Ya know, when you think about it, life is kinda likea jigsaw puzzle...
Birth... first outta the wrapper - everyone dotes... All eyes are centered upon it.. and all take a hand in creating the final product...
Growing up - the pieces are large - fairly easy - built for success... It's a simple chore - as your attention span won't work on anything more difficult.
The uncompleted puzzle of life is fairly complicated... Oh there are those gimme, mundane tasks - the portion of the puzzle where maybe there's a windmill, the moon, or a lighthouse - or something fairly easy to put two and two together...
Then there's the confusion to it... All the colors run together... No matter how you twist and turn - nothing seems to fit... you feel like you will never find your way out of it... You reach dispair, your mind wonders and you avoid the task at hand to find something easier in life to do so you don't drive youself nuts by labeling yourself a failure.
Temporary absence. GD it, where'd it (that piece) go? Hands and knees. The remote. The car keys. Pictures from Christmas. That beautiful email you wrote, didn't send and now can't find.
Numbers/greed. We all want "bigger/better". Looky what I've got... Looky what I've done... My puzzle has way more pieces than your crappy puzzle and cost ten times as much 'cause I can afford it. The bling puzzle.
Confidence/lack thereof. The 500 piece puzzle. Easily accomplished - and done time and time again - yet there's refusal to challenge further. Many are happy living life out in 500 pieces.
Adventure. Some will attempt the 2,000 piece puzzle laughing heartily along the way - for if there's failure - hey, they've dipped where many refused to dip.
Conflict - when you have the wrong piece partially laid into another piece - and now it's stuck - won't come out... you try like hell to come out if it unscathed - usually easier said than done.
Sex... you've reached an area that's almost complete - and the final piece goes in so easily, so perfectly, it appeases you...
Time management... this is when you sit down, you enjoy the hell outta working on the puzzle, then the "have to's" come into play - and it's forever and a day until you realize "you know, I like doing that so - but I never stop and take the time any more - life's so GD hustle bustle - and where does it get me."
Ethinicity/racism. Who are we fooling? Yes, those of us here simply hate racism, prejudice - but in a way it's like trying to make two puzzles into one.... Can exsist side by side - but there's always "a difference" no matter how badly the pieces want congruency.... in spite of efforts from both sides.
Aging... bent, frayed, discolored pieces, or, neglected puzzle boxes put away - some to ne'er be opened again...
Death... Missing pieces to the puzzle... You've put it together time and again, but it's simply not the same, nor will ever be - without the missing pieces...

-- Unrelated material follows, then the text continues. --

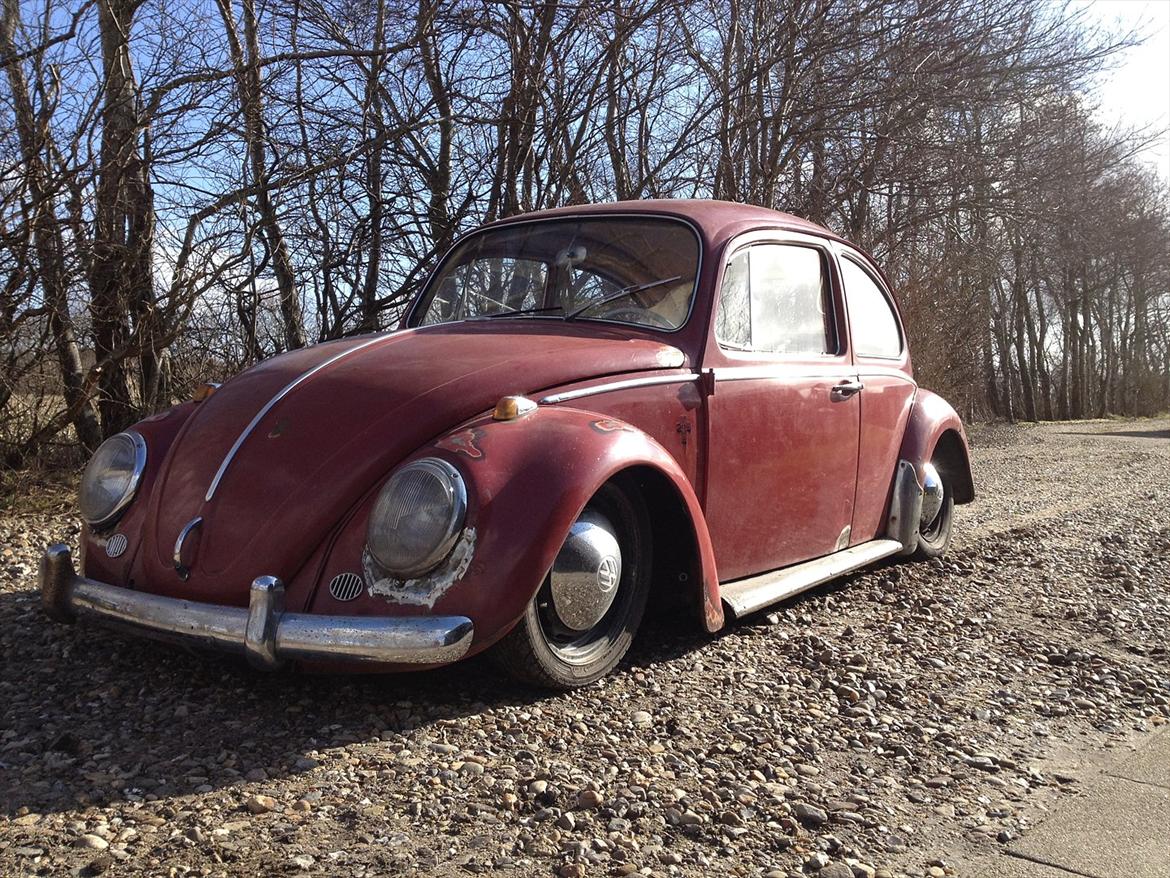 VW Bobbel - Den er flot i solen. billede 10
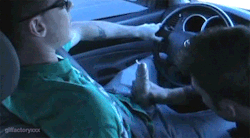corbeauxtube:  If you can’t get car head, car hand is the next best thing.   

Burial/Cremation/Tombstones/Shrines. Shellacking - something official to remember, yet with finality. An eerie feel, as it's hard to comprehend the hours we spent together, the laughs, the fun, the angst. No way this place resembles what we had, but it's fitting we have a place for you. You've served us well. Thanks - and we enjoyed you. You will be missed - but never forgotten.

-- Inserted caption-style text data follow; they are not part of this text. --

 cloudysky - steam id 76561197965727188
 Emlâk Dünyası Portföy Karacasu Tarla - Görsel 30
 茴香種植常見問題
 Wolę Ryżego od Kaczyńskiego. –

Have fun. Add some good old fashion fun between the "have to's". Do crap that was fun yesterday and see if it's as rewarding today. Venture out - try something different, harder, completely "un-you-like". Remember, time passes. Just because ya ain't maybe what ya once was - doesn't mean ya can't have fun - rip - play, even if the edges are a little bent, frayed. Get as much good shit in before the shellacking. Piece out, Victurd.